Firebrand Pass - Glacier's Far South

Thursday, July 23, 2020
Marias Pass, Montana, United States
With the Covid-19 plague still ongoing, Glacier National Park is only partly open this year.  The Blackfoot Reservation which is adjacent to the east side of the park has imposed a strict lockdown with businesses closed. Deferring to the tribe, the park service has closed all entrances on the east side of the park, making some of the best know areas off limits this season.  Thus, I’ve had to plan my hikes around Glacier accordingly this year.
Firebrand Pass is a hike listed in my hiking guidebooks that also ranks quite high on some other lists of best hikes in the park. Being on the park’s periphery, accessed from a trailhead along U.S. 2 about five miles west of East Glacier, it normally gets very low visitation. Thus, it seemed like a perfect hike this year.

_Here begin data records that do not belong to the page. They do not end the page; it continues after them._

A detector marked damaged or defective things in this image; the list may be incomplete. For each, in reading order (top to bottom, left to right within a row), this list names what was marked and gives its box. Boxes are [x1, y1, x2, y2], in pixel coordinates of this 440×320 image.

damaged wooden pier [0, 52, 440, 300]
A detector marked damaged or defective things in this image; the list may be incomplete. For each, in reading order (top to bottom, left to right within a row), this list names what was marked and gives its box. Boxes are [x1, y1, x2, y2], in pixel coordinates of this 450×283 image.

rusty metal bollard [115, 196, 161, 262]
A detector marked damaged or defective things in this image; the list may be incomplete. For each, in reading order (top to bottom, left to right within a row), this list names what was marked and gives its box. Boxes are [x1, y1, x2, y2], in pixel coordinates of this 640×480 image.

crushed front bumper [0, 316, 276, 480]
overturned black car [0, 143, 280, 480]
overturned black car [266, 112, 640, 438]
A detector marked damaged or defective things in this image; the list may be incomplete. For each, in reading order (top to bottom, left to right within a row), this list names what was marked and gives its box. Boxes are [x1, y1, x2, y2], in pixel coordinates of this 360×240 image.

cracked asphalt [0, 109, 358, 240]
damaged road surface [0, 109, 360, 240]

Since I approached the park from the west side, to get to Firebrand I had to drive U.S. 2 along the park’s southern boundary along the Middle Fork of the Flathead River and over Marias Pass, at slightly over 5,000 feet much less dramatic than Logan Pass on Going-to-the-Sun Road. There’s a monument to Theodore Roosevelt at the top of the pass that I didn’t notice other times I crossed.

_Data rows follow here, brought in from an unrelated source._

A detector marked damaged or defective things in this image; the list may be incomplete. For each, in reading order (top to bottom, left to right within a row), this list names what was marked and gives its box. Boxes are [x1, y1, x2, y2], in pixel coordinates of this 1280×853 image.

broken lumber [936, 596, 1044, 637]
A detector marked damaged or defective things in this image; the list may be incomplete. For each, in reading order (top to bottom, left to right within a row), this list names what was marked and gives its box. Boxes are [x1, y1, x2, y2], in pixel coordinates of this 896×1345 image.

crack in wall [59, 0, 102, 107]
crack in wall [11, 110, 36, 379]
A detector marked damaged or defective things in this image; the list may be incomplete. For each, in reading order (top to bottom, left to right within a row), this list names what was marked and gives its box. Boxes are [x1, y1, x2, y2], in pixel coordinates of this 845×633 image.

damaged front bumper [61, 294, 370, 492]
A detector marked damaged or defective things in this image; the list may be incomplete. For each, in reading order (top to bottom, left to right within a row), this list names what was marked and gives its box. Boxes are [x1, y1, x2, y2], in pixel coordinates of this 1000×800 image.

The hike to Firebrand Pass is 10 miles round trip with a very gradual elevation gain of about 2,000 feet, a much easier hike than I had expected. The route starts through grassy territory, rises and proceeds through a long stretch of thick pine forest, and emerges into overgrown brush that you have to bushwhack your way through, including some tall plants with big clusters of white flowers I don’t recall seeing last year on any of my hikes in Glacier. I think they may be yarrow, but I’m not sure. This was where I started getting scared – prime grizzly country and you can’t see them and they can’t see you coming to move away.  You’re supposed to make noise to let them know you’re coming so you don’t startle them. Well, actually you’re also supposed to hike in groups, but that’s not practical for me.  So I sing the song from the Jungle Book about the “Bare necessities…the simple bear can rest with these…..” And since I don’t know all the words, I just sing the same few lines I do know over and over again.   It apparently works, since I haven’t experienced a bear encounter yet.  Or I just yell, “Hey, bear!” at the top of my lungs every minute or so.

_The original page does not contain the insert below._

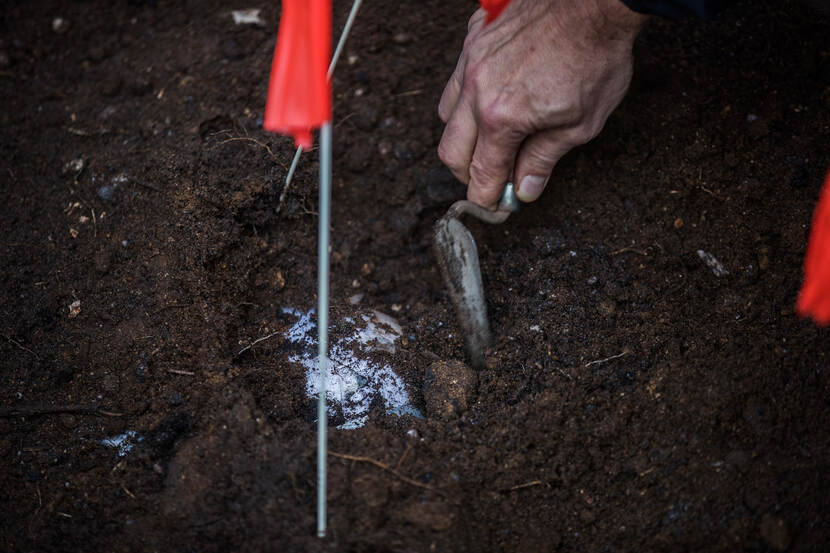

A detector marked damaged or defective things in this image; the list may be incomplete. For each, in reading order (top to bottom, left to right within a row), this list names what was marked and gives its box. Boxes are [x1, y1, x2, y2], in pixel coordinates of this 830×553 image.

The trail climbs to drier shorter forest and then open tundra country as it rounds a ridge and heads into an open basin surrounded by some jagged peaks.  The approach to the pass is surprisingly gradual the whole distance, much like the trail I did last year in the park to Piegan Pass.  And then when you get to the top, there’s an absolutely knock-your-socks-off view toward the west to a set of peaks in the southern part of the park.
With an early start and an easier hike than I expected, I was back at the trailhead quite early. I drove into East Glacier with the hope that I might find a motel room. Being on or surrounded by the Blackfoot Reservation, all the businesses except for a gas station were closed.  I got a few drinks and an ice cream, and then a funny thing happened to me outside the station. A big pickup truck carrying about a half dozen Hutterites pulled up. The men approached a few other people and then me and asked if I’d be interested in buying some of their homemade Hutterite wine for only $20/gallon.  I asked about smaller quantities, but gallon jugs were the only size they had, more than I’d care to consume in a couple sittings before it would go bad in my hot car.
I followed that with a late afternoon hike to Buffalo Lakes, outside the park in the national forest but also accessed from U.S. 2 a few miles west of East Glacier. The views back toward the park are good, but I wasn’t too impressed with the lakes themselves.  Supposedly a great spot to see moose, most of the wildlife I encountered along the three-mile round trip trail was of the insect variety.